Monroe Capital Declares $0.75 Special Pre-Merger Distribution
Monroe Capital Corp (NASDAQ: MRCC) declared a special distribution of approximately $0.75 per share totaling $15.9 million. The payout is contingent on closing a pending merger with Horizon Technology Finance.
Monroe Capital Corp (NASDAQ: MRCC), a specialty finance company, declared a special pre-merger distribution of approximately $0.75 per share, totaling $15.9 million. The payment is contingent upon the consummation of the company's pending merger with Horizon Technology Finance and a related asset sale to Monroe Capital Income Plus Corp. Read more dividend announcements.
The distribution consists of two components. The first is a final tax distribution covering Monroe Capital's undistributed taxable earnings through the anticipated merger closing date. This payment is necessary to preserve the company's regulated investment company tax treatment. The second component is a one-time supplemental cash distribution of $13.0 million.
Monroe Capital will announce the record date and payment date at a later time. The company's dividend reinvestment plan will not apply to the final tax distribution portion. All participants in the plan will receive that component in cash rather than shares of common stock.

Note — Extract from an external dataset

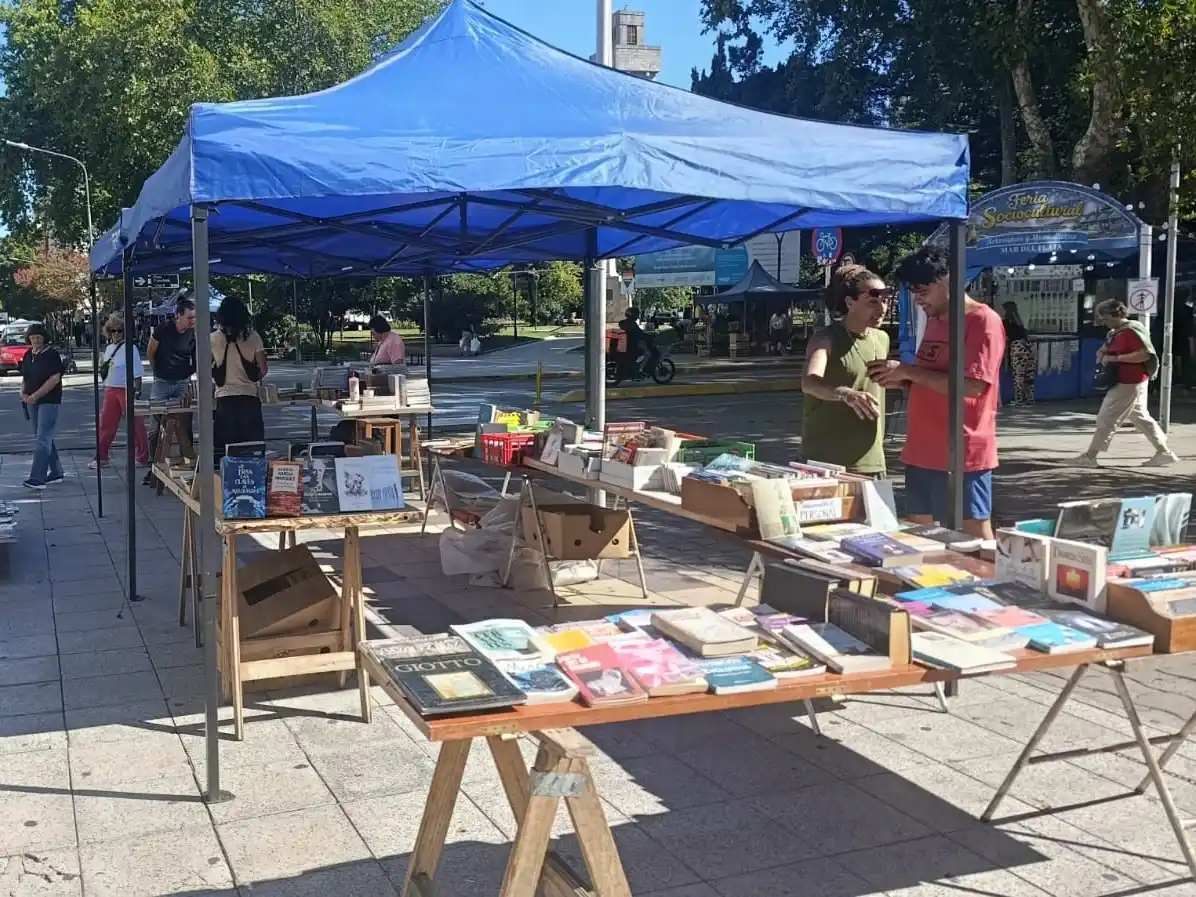 Feria de libros usados en la Catedral: textos escolares desde 20 mil pesos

The actual amount of the distribution will be determined at the closing of the merger. Monroe Capital expects the total to approximate $15.9 million based on current calculations of undistributed taxable earnings.
Distribution Details
| Component | Details |
|---|---|
| Total Amount | Approximately $0.75 per share ($15.9 million) |
| Distribution Type | Special (One-Time) |
| Record Date | To be announced |
| Payment Date | To be announced |
| Contingency | Merger consummation required |
| DRIP Eligibility | Not applicable to tax distribution portion |
Merger Context
Horizon Technology Finance's board previously announced plans to use $27.6 million in undistributed taxable earnings as of December 31, 2025 to supplement the combined company's regular monthly distributions for two quarters following the merger closing. Those supplemental distributions remain subject to board declaration and various compliance considerations.
Under the merger agreement, Monroe Capital shareholders will receive newly issued Horizon shares based on the ratio of each company's net asset value per share at closing.